● **Exercise data**
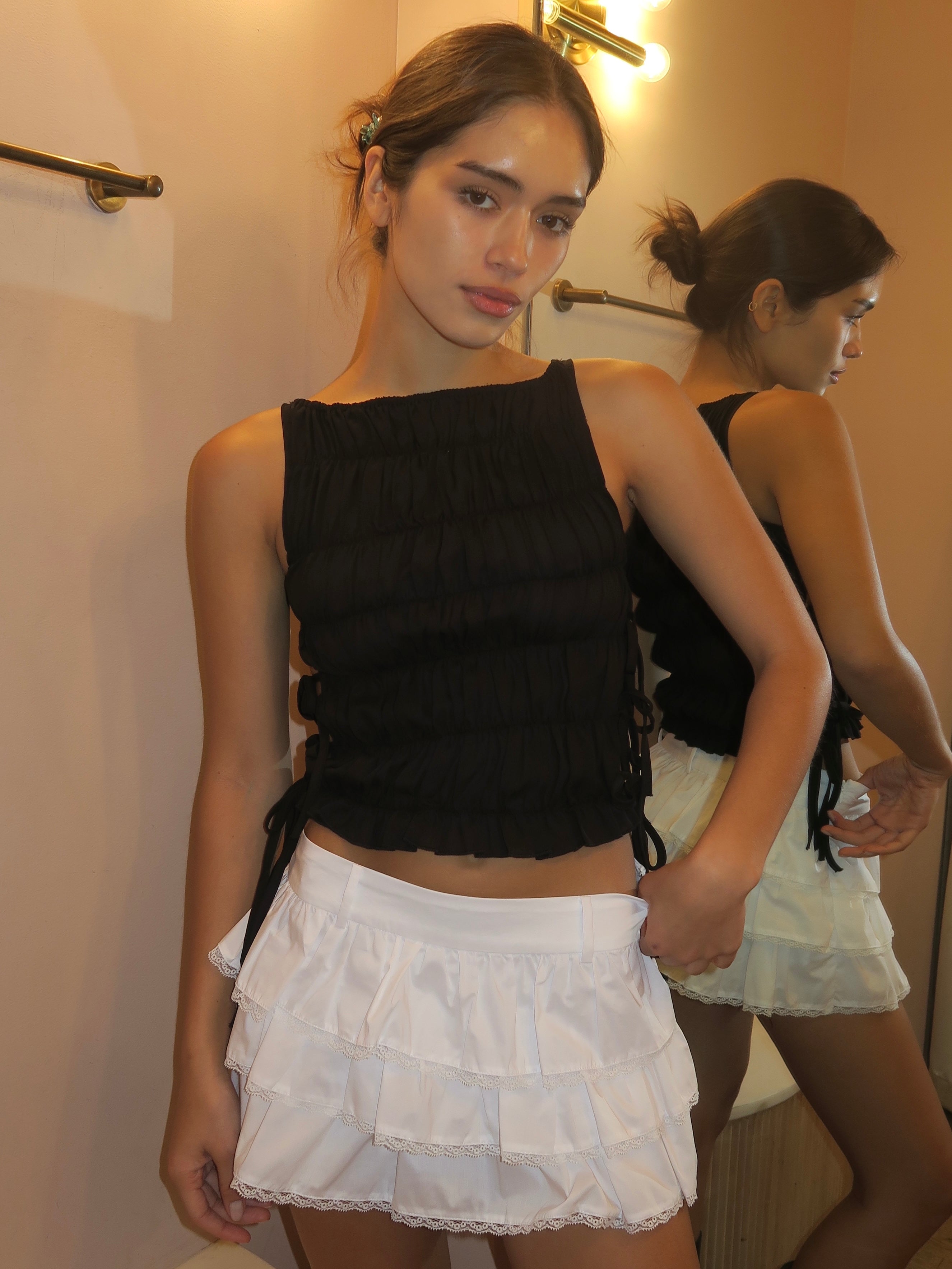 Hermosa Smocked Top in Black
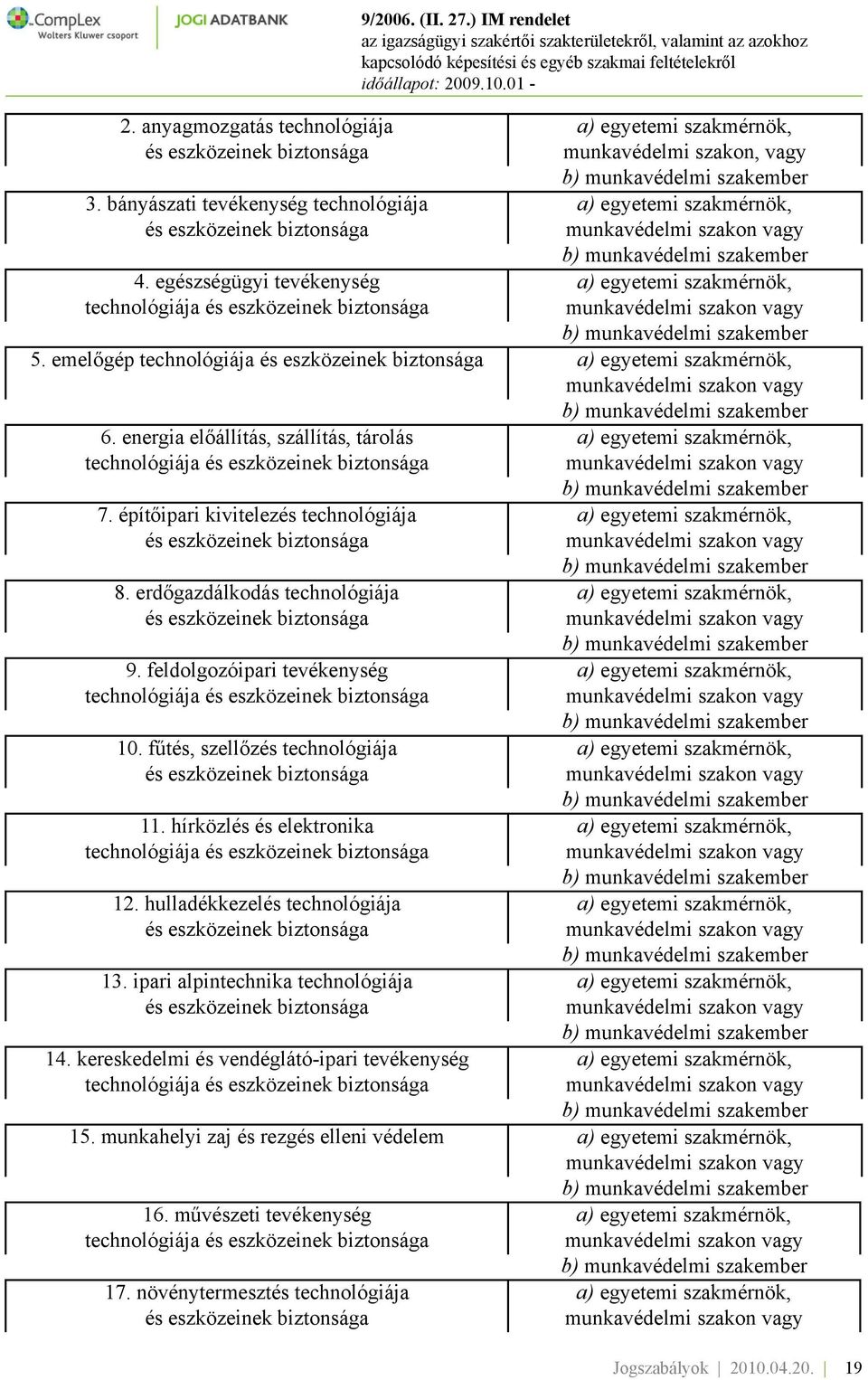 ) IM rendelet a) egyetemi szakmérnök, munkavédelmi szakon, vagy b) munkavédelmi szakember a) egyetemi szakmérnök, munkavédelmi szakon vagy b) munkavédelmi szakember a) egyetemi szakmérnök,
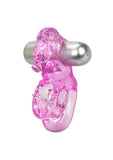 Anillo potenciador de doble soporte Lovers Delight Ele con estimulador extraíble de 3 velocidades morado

● **Required action**
Give all of the material again, exactly, apart from the pictures.

● **Task answer**
 Hermosa Smocked Top in Black
 ) IM rendelet a) egyetemi szakmérnök, munkavédelmi szakon, vagy b) munkavédelmi szakember a) egyetemi szakmérnök, munkavédelmi szakon vagy b) munkavédelmi szakember a) egyetemi szakmérnök,
 Anillo potenciador de doble soporte Lovers Delight Ele con estimulador extraíble de 3 velocidades morado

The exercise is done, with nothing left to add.